Monday, January 18, 2021

Celebrating the Life and Legacy of Dr. Martin Luther King Jr.

Celebrating Dr. Martin Luther King Jr.

As we celebrate Dr. Martin Luther King Jr. Day, this memo serves as a reminder of the road it took for this day to be recognized as a federal holiday.  The day was created as a day of service for us to get out and do something to better our community in honor of Dr. King’s life and legacy.  It’s an entire world dedicated to honoring Dr. Martin Luther King Jr. 

On the third Monday of January every year, the federal government closes up shop for a day to honor civil rights hero Dr. Martin Luther King, Jr. — who was assassinated in Memphis on April 4, 1968.  But the road to Dr. Martin Luther King Jr. Day was fraught. It didn't become a federal holiday until 1986, nearly 20 years after it was introduced to Congress, per the King Center. Even then, it faced an upward battle for all states to recognize the holiday, only getting nationally recognized in 2000.

To this day, it collides in Alabama and Mississippi with Robert E. Lee Day, which honors the Confederate general, in Alabama and Mississippi.  While the nation recognizes King as an "icon for democracy" today, in the 1960s and 1970s, he was still a controversial figure according to Michael Honey, an American historian and professor of humanities at University of Washington, Tacoma.
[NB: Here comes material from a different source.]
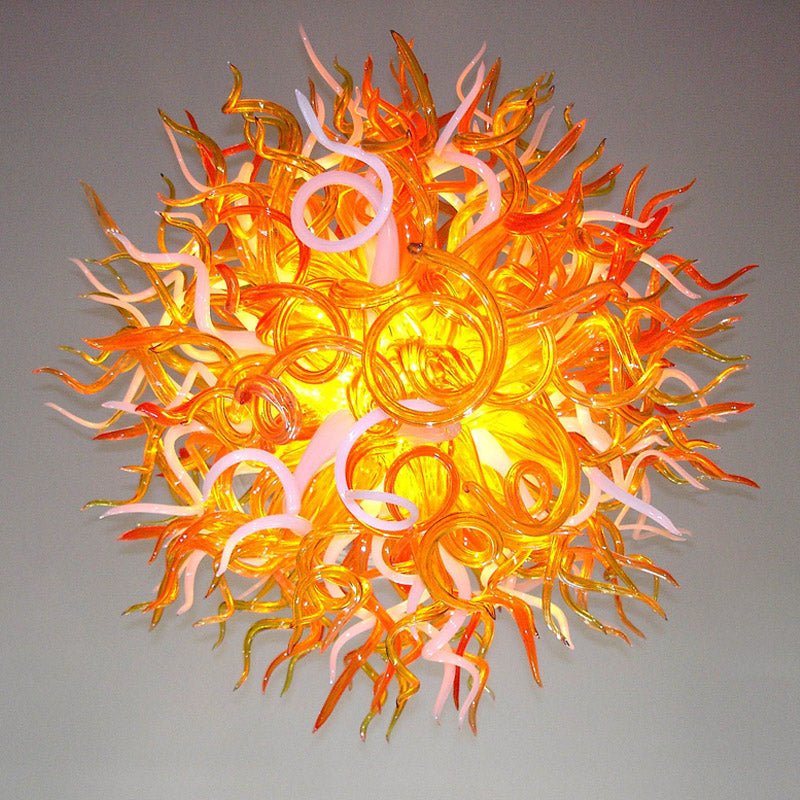 Detailed sculptural view of the orange and white glass tendrils, highlighting the fiery organic flow of the artisan lighting fixture.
“This was the first holiday around a national figure who is not a president, and who is African American,” Honey said. “Many in Congress did not want to recognize an African-American that was thought of as a troublemaker by some in his day.” 

Becoming a Federal Holiday

On April 8, 1968, Representative. John Conyers, D-Mich., introduced legislation for a federal holiday, according to The King Center.  The next year, on January 15, 1969, annual ceremonies commemorating King's birthday were launched by The King Center in Atlanta. It called for nationwide ceremonies and began working to gain support for the holiday. 

In the 1970's, support for a national Dr. Martin Luther King Jr. holiday grew. Several states, including Illinois, Massachusetts and Connecticut, become the first states to enact statewide King holidays, but Congress failed to act on a national level, according to The King Center. 

It Becomes Official 

On November 3, 1983, President Ronald Reagan signed a bill marking the third Monday of January, as Dr. Martin Luther King Jr. Day, according to The King Center. The holiday was to begin in 1986.   In January 1986, the first national Martin Luther King Jr. holiday was observed as it continues today.